Utah Wants Its Own Roadless Rule, Which Could Mean Changes For Backcountry Recreation
By Tom Diegel
Tom Diegel has been backcountry skiing and otherwise recreating in Utah for 20 years and built and sold a business based on that experience. He’s the vice president of the Wasatch Backcountry Alliance.
The Roadless Rule was created in 2001 as a way to “provide lasting protection in the context of multiple-use management” for the 60 million acres of roadless areas on our National Forests. It was created after historic public outreach (the most public comments at that time, ever) and limited timber and road building on “backcountry” areas on our National Forests.
It provides protection for landscapes while still allowing for a lot of access and leeway for outdoor activities, including hiking, climbing, mountain biking, and more.
There have been a number of threats to the Roadless Rule in recent years, most recently in Alaska, but now Utah is following suit. In October, the state of Utah announced that it would petition the U.S. Forest Service for a Utah-specific Roadless Rule. A few other states (including Colorado and Idaho) have done this, and these Rules have mostly turned out well. Utah’s goal for getting a state-specific Rule is less clear. Though they have mentioned wildfire suppression interests and the need for new road building, it may also lead to timber or oil and gas development.
On October 23, I attended a public meeting in Salt Lake City organized by the county, to hear more about the state’s plans for the Roadless Rule. Each county has been tasked to recommend a category of use for roadless areas. The categories the state has suggested, as far as we could tell, were all the same or less protective than the current Roadless Rule so mostly this would mean downgrading protection on a lot of lands that are valuable to people who love outdoor recreation.
The timeline seems rushed.
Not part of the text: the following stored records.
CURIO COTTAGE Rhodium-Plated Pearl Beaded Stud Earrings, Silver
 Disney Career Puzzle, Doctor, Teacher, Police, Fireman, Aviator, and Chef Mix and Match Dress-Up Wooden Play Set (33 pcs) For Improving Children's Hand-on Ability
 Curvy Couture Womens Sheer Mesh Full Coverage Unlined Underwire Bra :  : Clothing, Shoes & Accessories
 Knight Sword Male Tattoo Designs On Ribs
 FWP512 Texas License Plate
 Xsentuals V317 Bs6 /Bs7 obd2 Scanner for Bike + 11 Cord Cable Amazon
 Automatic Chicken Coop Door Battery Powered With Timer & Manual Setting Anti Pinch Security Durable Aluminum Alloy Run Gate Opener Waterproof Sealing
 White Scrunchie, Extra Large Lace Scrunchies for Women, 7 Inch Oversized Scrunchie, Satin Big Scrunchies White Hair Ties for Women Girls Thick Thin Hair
The counties are charged with delivering their recommendations by November 1, which is both awfully close to the only public meeting and to the election. The state is putting together a stakeholder group (which it didn’t share much information about) and planning to file its official petition with the Forest Service in early 2019. It seemed that the folks attending the meeting were generally supportive of the existing Roadless Rule and continued protections for Utah’s backcountry, and it was unnerving to see the state trying to take over without fair input from locals. A lot of us are guessing that some developers are seeing this as an “in” to resource extraction or development in the canyons or other public lands around the state.
The Governor’s office spokesperson was gamely trying to justify what they were doing to a lot of skeptical folks attending the meeting, mentioning wildfire suppression and beetle kill to remove dead timber. These are admirable goals but it’s not clear why the states should be the experts on forest health instead of local Forest Service offices, and nearly all of Utah’s forest fires have been caused by human activity…near existing roads. As it is, the local USFS office approved all 34 exemptions that were applied for by local forest managers, so it is unclear why the state feels compelled to formally take control of the forests other than their ongoing obsession with state ownership and management of all of the federal lands within Utah’s borders.
In a conversation with a Forest Service employee, I mentioned that it struck me that Utah’s Congressional delegation, including Sen. Hatch, Sen. Lee, and Reps. Chaffetz and Bishop have a good strategy of joining with their counterparts to starve the Forest Service so that they don’t have enough resources to address things like wildfires effectively, and then they call up state officials to encourage them to propose “helping” the Forest Service, since they are so starved. The Forest Service official ruefully and tactfully said that my observation was surprisingly accurate.
Overall, while state-specific rules can work really well, Utah seems motivated more by resource extraction and road building than it does by improving public lands management.